→ **Task directions**: Copy out exactly the lines spanning the line with "White ABS 6L" to the line with "Department Store 1/2pcs", inclusive, from the data underneath, with no pictures.

→ **Records**:
[Start of Attachment]

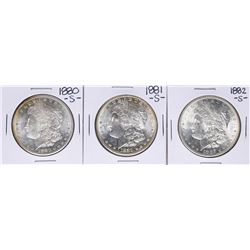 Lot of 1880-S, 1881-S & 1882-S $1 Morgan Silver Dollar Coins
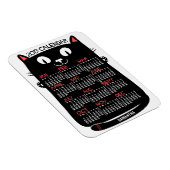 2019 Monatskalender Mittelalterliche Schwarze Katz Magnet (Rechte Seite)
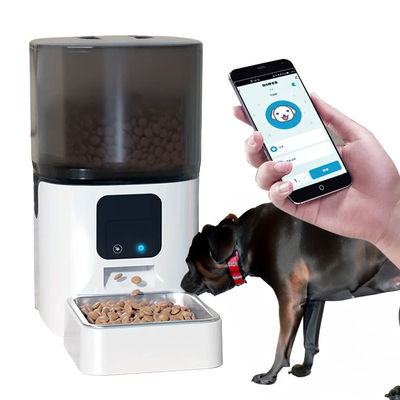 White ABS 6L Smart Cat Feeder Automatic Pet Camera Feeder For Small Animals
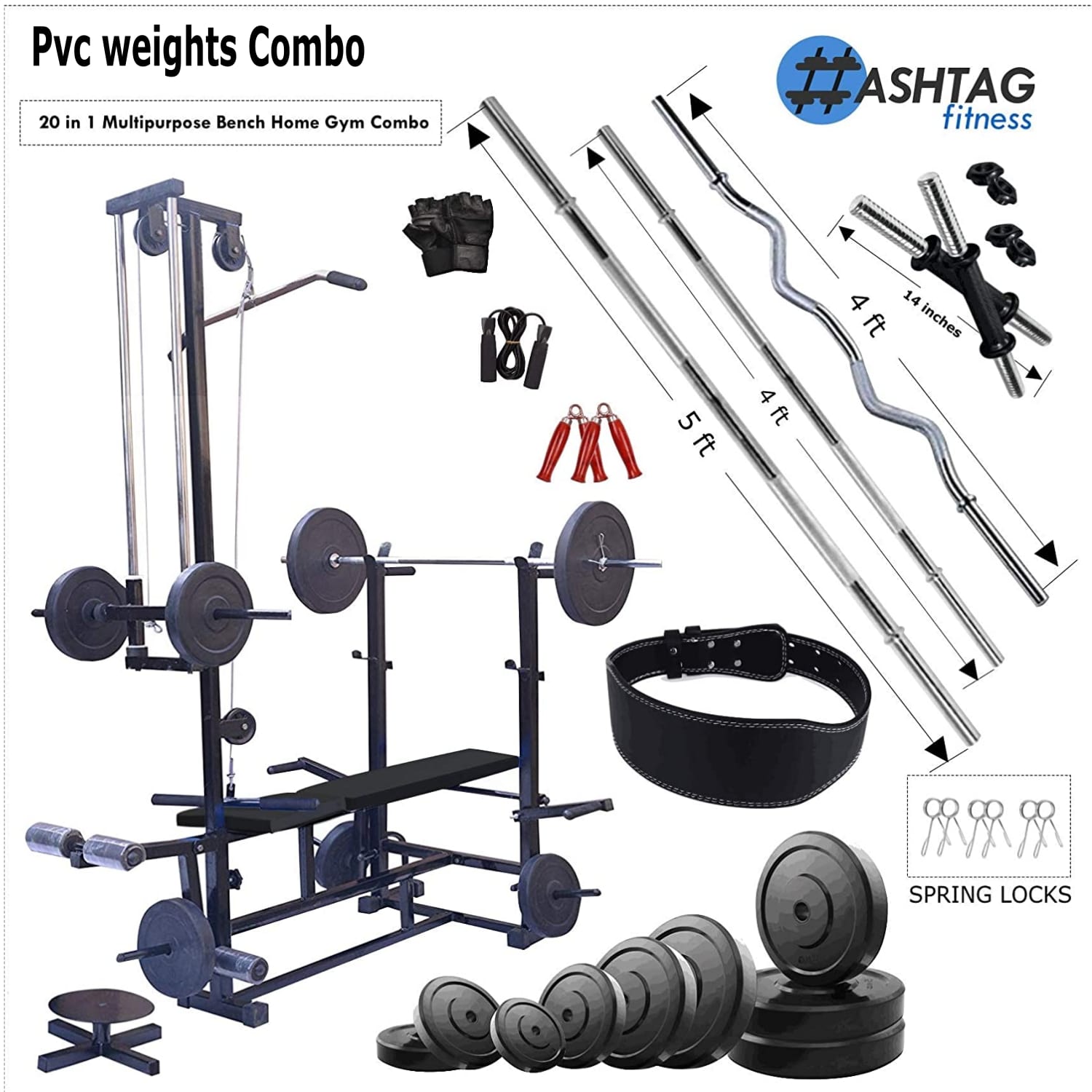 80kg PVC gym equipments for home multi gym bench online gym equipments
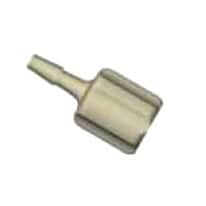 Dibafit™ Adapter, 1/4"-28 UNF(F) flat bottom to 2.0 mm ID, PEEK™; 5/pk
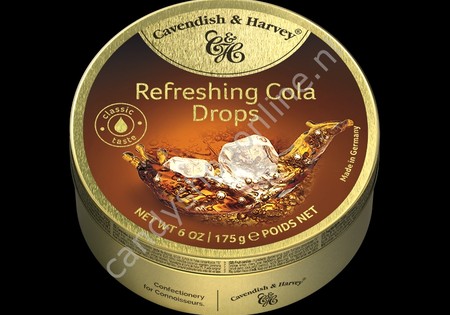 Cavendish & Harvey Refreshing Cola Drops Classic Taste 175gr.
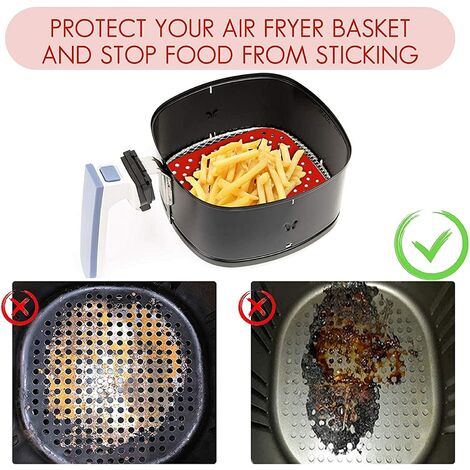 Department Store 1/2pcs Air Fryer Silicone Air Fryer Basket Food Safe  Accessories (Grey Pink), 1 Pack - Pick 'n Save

[End of Attachment]
[Start of Attachment]

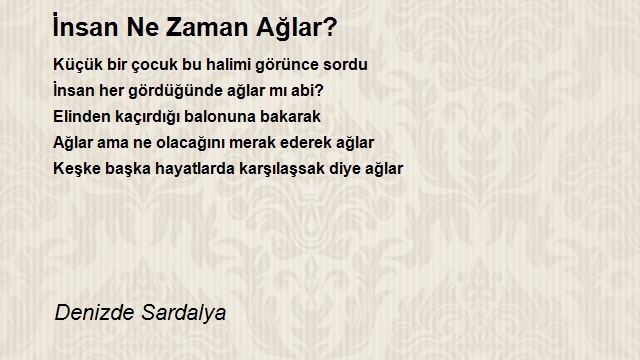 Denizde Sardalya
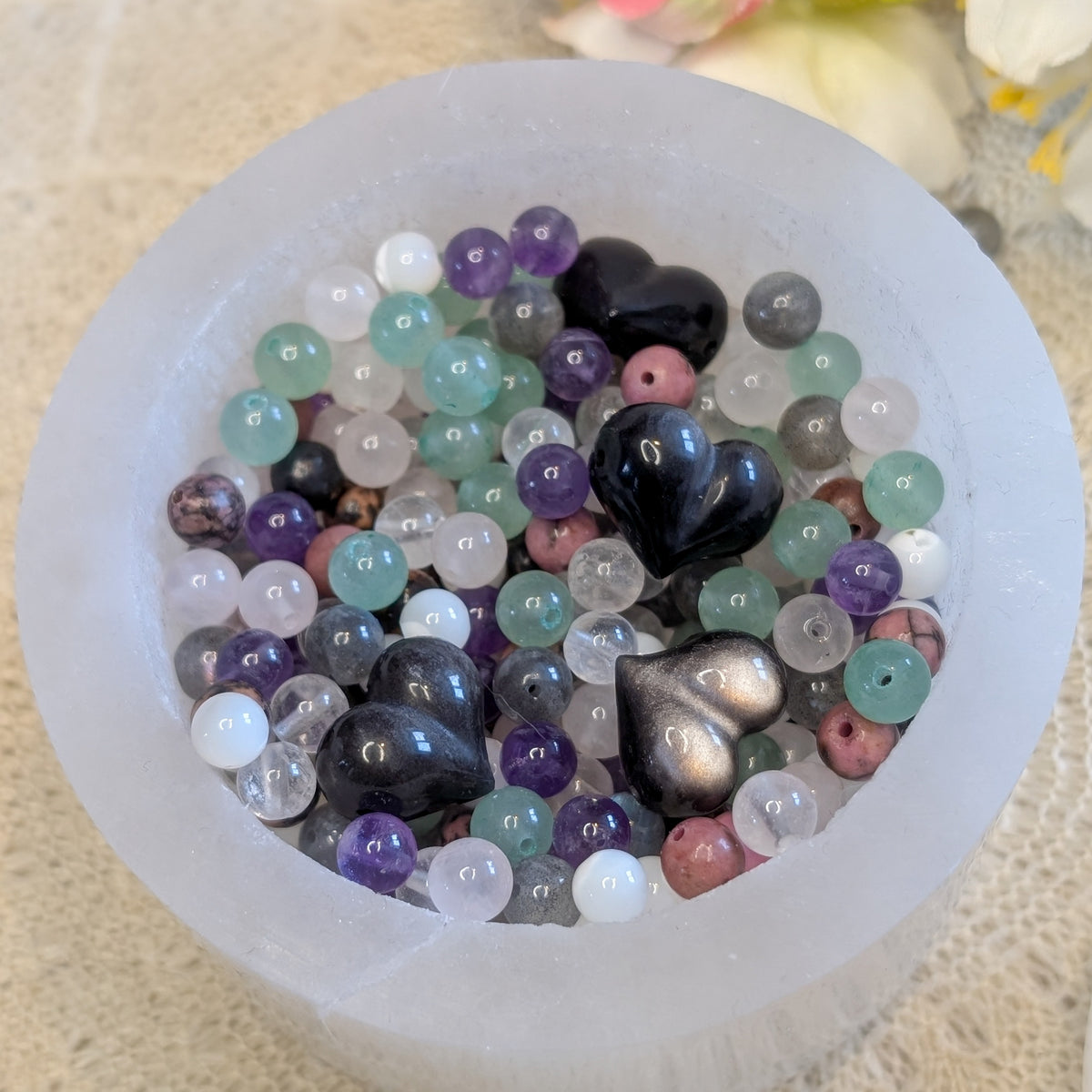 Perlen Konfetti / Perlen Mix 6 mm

[End of Attachment]

→ **Task response**:
 White ABS 6L Smart Cat Feeder Automatic Pet Camera Feeder For Small Animals
 80kg PVC gym equipments for home multi gym bench online gym equipments
 Dibafit™ Adapter, 1/4"-28 UNF(F) flat bottom to 2.0 mm ID, PEEK™; 5/pk
 Cavendish & Harvey Refreshing Cola Drops Classic Taste 175gr.
 Department Store 1/2pcs Air Fryer Silicone Air Fryer Basket Food Safe  Accessories (Grey Pink), 1 Pack - Pick 'n Save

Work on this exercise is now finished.